Monday, December 19, 2011

Foreign Patenting: Ways to Save Money


A US patent only protects the invention in the US and will not stop infringement abroad. Thus, a foreign patent is required in each country where patent protection is desired. However, it is expensive to file applications in all countries where the invention may be infringed. I want to discuss some ways of protecting the invention abroad without wasting money. 

Companies and startups in particular should not feel compelled to foreign file everywhere. It may be better for a company with a constrained patent budget to focus where it has current and expects future sales. Manufacturing a patented invention without permission may serve as a basis for infringement, but competitors may readily change a manufacturing site. It's much more difficult to change where the invention is sold or used. For example, a startup having US sales of 40%, European sales of 20%, China sales of 15%, Russian sales of 10%,  and 15% in the rest of the world may decide to seek patents in the US, Europe, China, and Russia, and ignore the rest. This "patent where you have sales" should be tempered by an assessment of the commercial value of the invention. The more important the invention is to a company, the more far reaching should be the patent effort, and vice-versa. Although far from a comprehensive study, my review of several Fortune 100 companies revealed even those with great financial resources were selective on foreign filing. Thus, a company might file only one application in the EPO for every five times it filed in the US.

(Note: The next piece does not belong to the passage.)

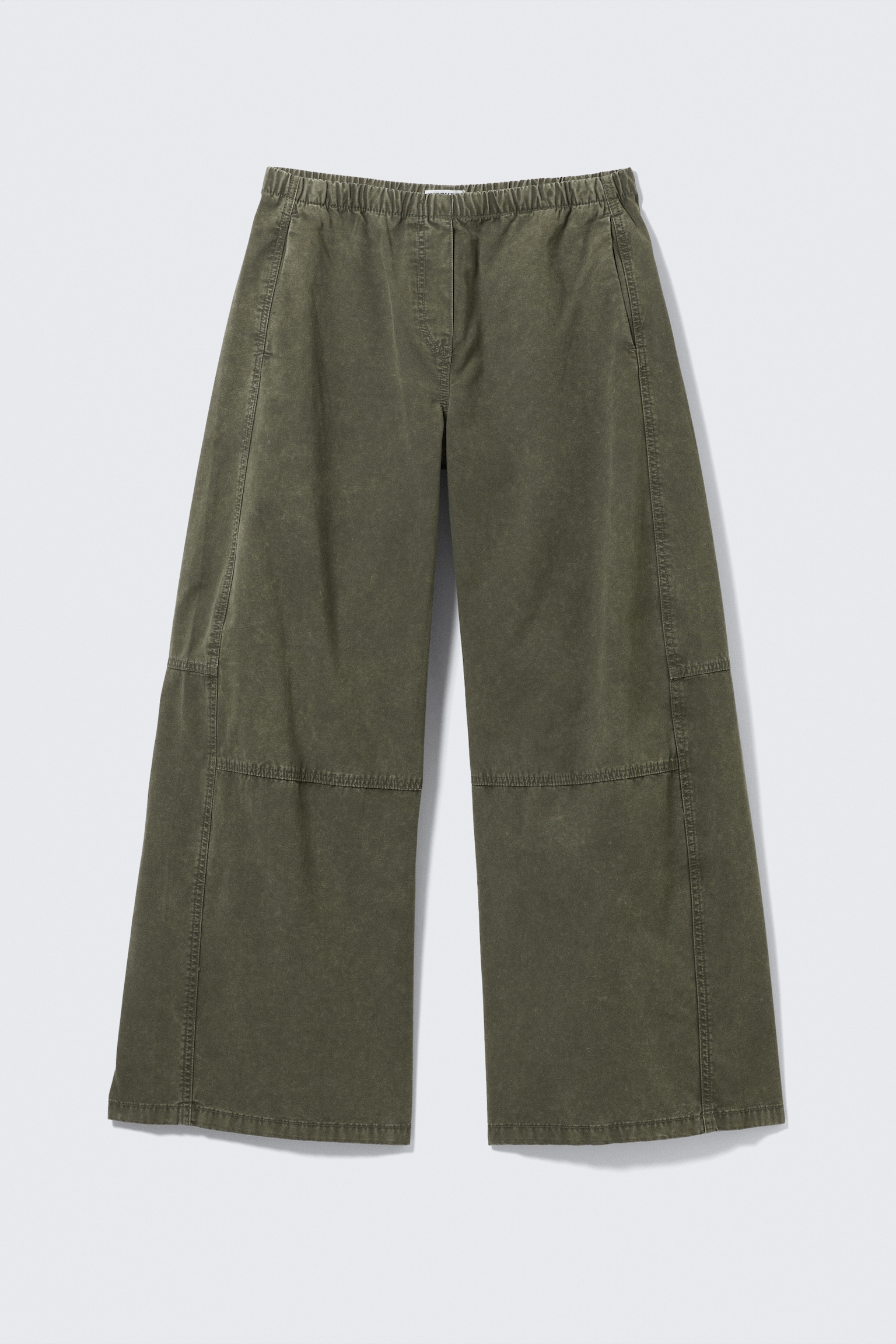 Baggy broek van gewassen canvas met lage taille - Donkerkakigroen met wassing/Washed Black – Zwart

I think that people are starting to analyze the cost of EP filings correctly over the long term. The EPO likes to stress the European countries can be processed as a single application in the European Patent Office, but you must look at the total cost of the entire process including after an EP patent issues. The cost reduction of that single application ends after the application is accepted as patentable. At that stage one must engage a foreign associate to pay the grant fee, file a translation, handle formalities, and pay fees sometimes annually in each country designated in the application. The entire cost can be substantial, e.g., $80,000, to cover major EP countries from the filing date to end of the patent term. 

The other point is the costs of foreign filing have a wide range. For example, each filing in Canada, China, Hong Kong, Singapore, or Taiwan may be $3,000-$4,000, while filing a single application in Europe, Japan, or South Korea may be $6,000 - $8,000. These are ball park figures to illustrate relative costs. For actual costs I suggest one contact a foreign associate in the country of interest close to the foreign filing date.  

One more thing, although one can file directly in each foreign country, it may be less expensive to first file a PCT application designating all foreign countries of interest for about $4,000, which permits you to extend the 12-month foreign filing deadline and attendant filing expenses another 18 months until a company can better assess the commercial value of the technology. It typically saves money by giving a larger window to determine if the foreign applications are worth it. Finally, any disclosure of the invention that occurs before the US filing date may bar foreign patent protection depending on the facts, which should be considered carefully with foreign counsel at the outset.